自分の意見を声高に主張し、他者をこき下ろす手法が日本で見受けられますが、ここからはイノベーションは生まれません。どんな人から学ぼうという謙虚な気持ちがなければ、アイデアを生み出せません。自分をエライと思ったとたん、知能以上の知恵は出なくなります。万人を師と仰ぎ、森羅万象から学ぶ勢があってこそ、万物をイノベーションの芽にする力が生まれるのです。 

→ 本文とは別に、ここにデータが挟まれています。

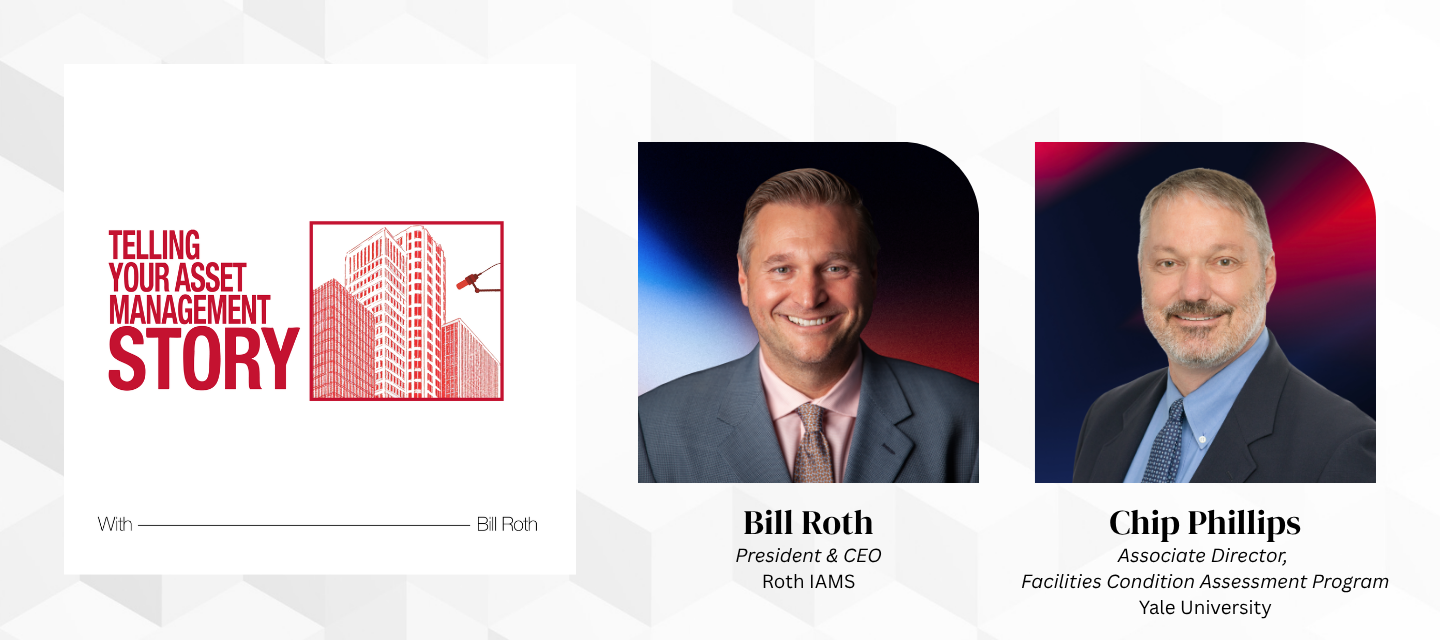 Chip Phillips, Associate Director of the Facilities Condition Assessment Program at Yale University, on the Telling Your Asset Management Story podcast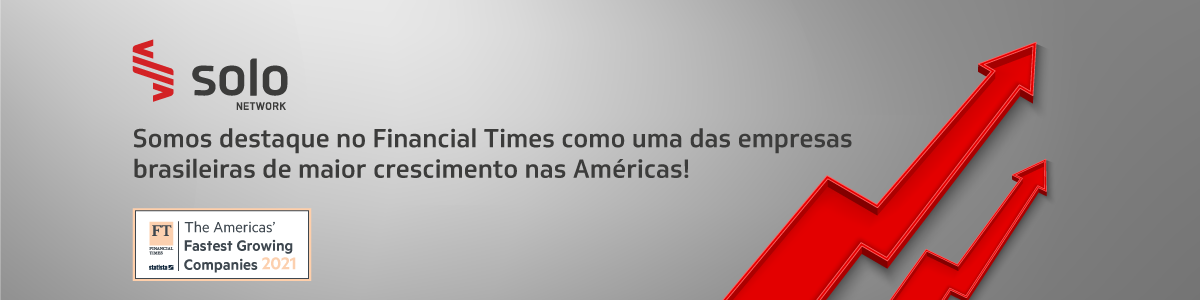 Solo Network se destaca no ranking do jornal britânico Financial Times como a empresa de maior crescimento no Brasil 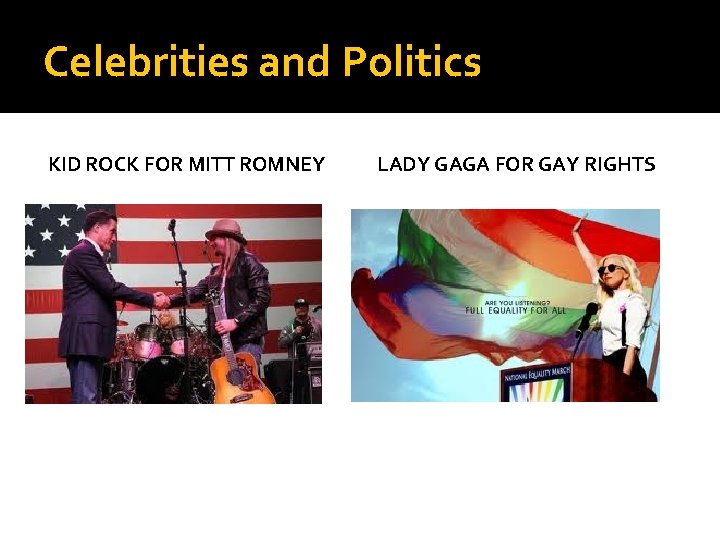 Celebrities and Politics KID ROCK FOR MITT ROMNEY LADY GAGA FOR GAY RIGHTS 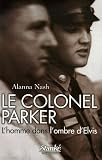 Revue Stanké  / Le colonel Parker : L'homme dans l'ombre d'Elvis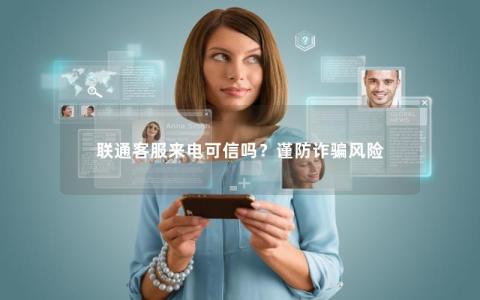 联通客服来电可信吗？谨防诈骗风险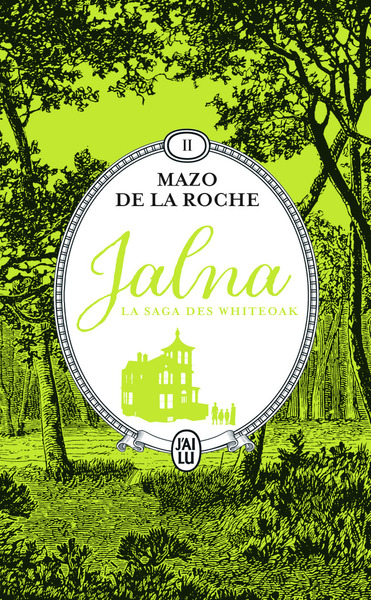 Jalna : La saga des Whiteoak Volume 2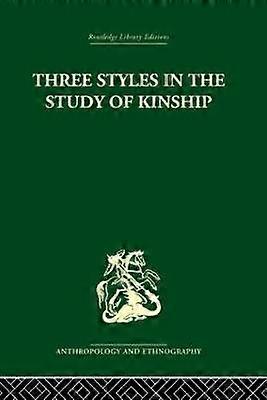 Three Styles in the Study of Kinship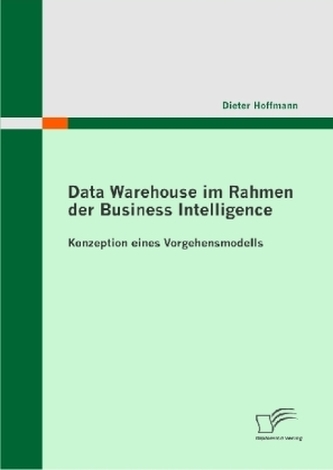Data Warehouse im Rahmen der Business Intelligence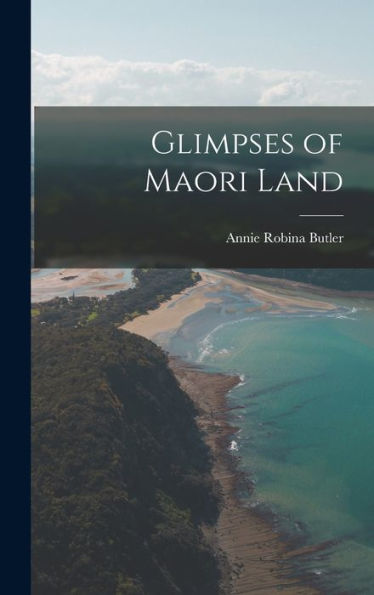 Glimpses Of Maori Land
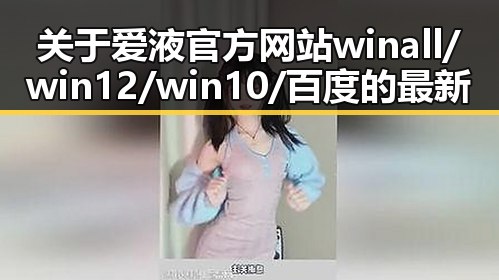 关于爱液官方网站winall/win12/win10/百度的最新动态与争议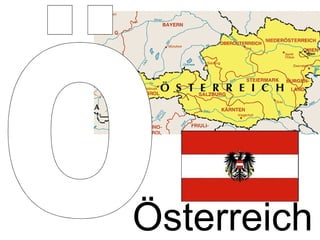 Österreich Ö 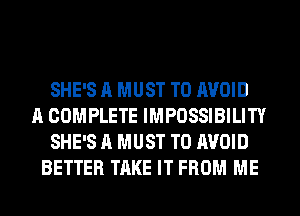 SHE'S A MUST TO AVOID
A COMPLETE IMPOSSIBILITY
SHE'S A MUST TO AVOID
BETTER TAKE IT FROM ME
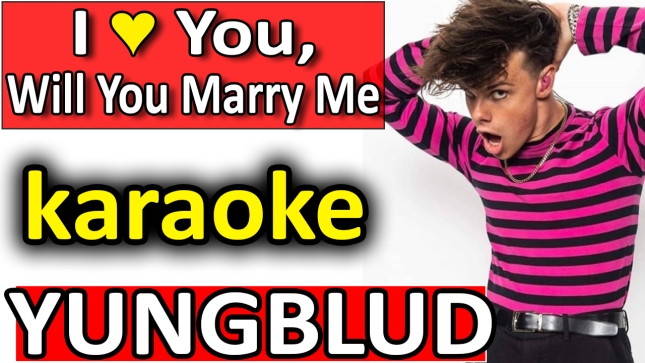 Yungblud-I Love You, Will You Marry Me - Karaoke SoMusique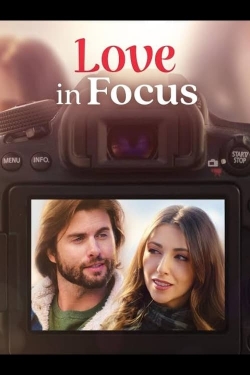 Watch free Love in Focus movies online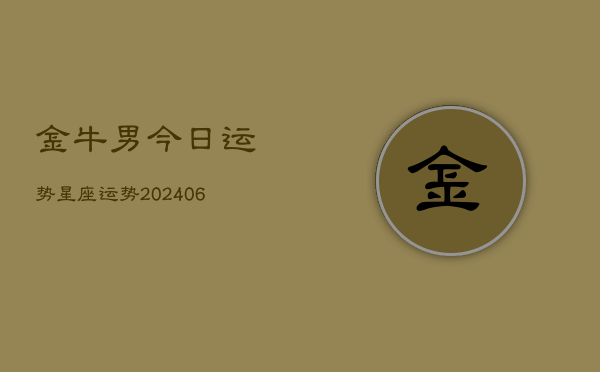 金牛男今日运势星座运势(20240613)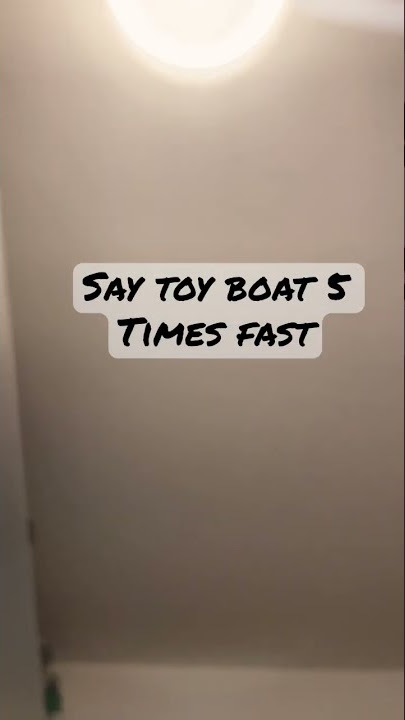 Say toy boat 5 times fast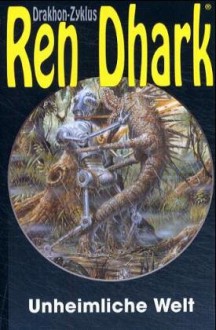 Ren Dhark. Drakhon-Zyklus, Bd. 21: Unheimliche Welt - Werner K Giesa, Uwe H Grave, Alfred Bekker, Conrad Shepherd, Hajo F Breuer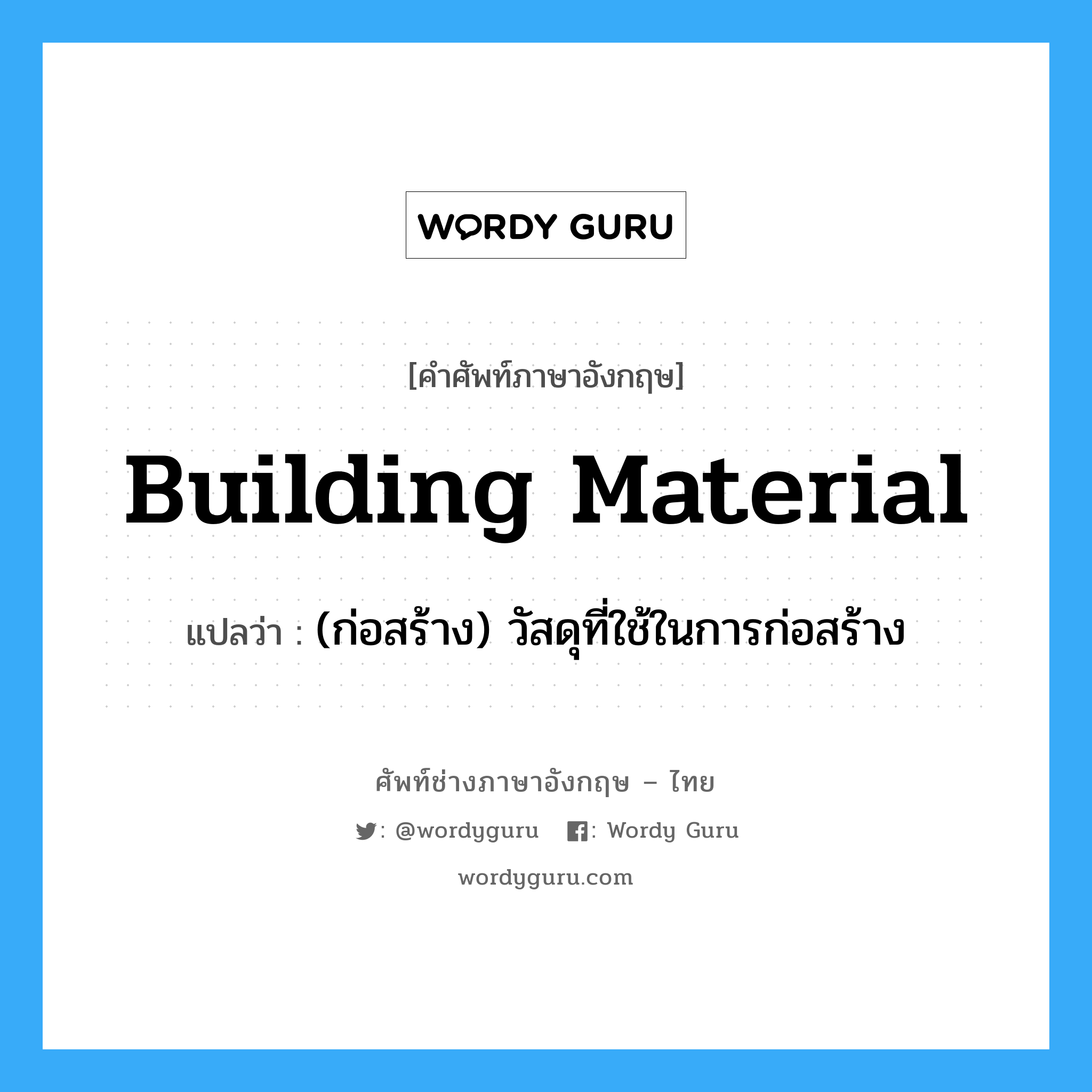 building material แปลว่า?, คำศัพท์ช่างภาษาอังกฤษ - ไทย building material คำศัพท์ภาษาอังกฤษ building material แปลว่า (ก่อสร้าง) วัสดุที่ใช้ในการก่อสร้าง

新しい知を生み出すためには、以下の3つのステップを繰り返すことです。
1、否定しない
2、新たな視点提供を歓迎する
3、提供された新視点から連想を展開する

他者とのコミュニケーションの中で、「問い」を有効活用しましょう。「問い」により、「情報を加味する」ことができ、アイデアが生まれやすくなります。質問する前に自分の考えを述べる形で新視点(連想)を提供し、さらに新たな思考を促すことで、「ソクラテスの産婆術」を再現できます。ソクラテスは知識のない若者たちに質問を重ねることで、新たな視点を得ていたのです。

質問を重ねることで、自分の視点を変えることができるようになり、ここからイノベーションが生まれてきます。ブレストをする時には自分の意見を押し付けるのをやめ、相手の意見から新視点を得られるように、謙虚な姿勢でのぞむべきです。若い世代のアイデアを活用することで、おじさんでもイノベーションを起こせるようになります。アイデアを交換するという気持ちを持って、様々な人を師に迎えることで、自分の可能性を広げられます。

会議で黙っている人から意外なアイデアがもらえることもあります。声の大きな人主導の会議をやめ、全員が意見を言える環境を整えることで、イノベーションが生まれます。リーダーはたくさんの意見を引き出せるよう、上手にファシリテーションを行うべきです。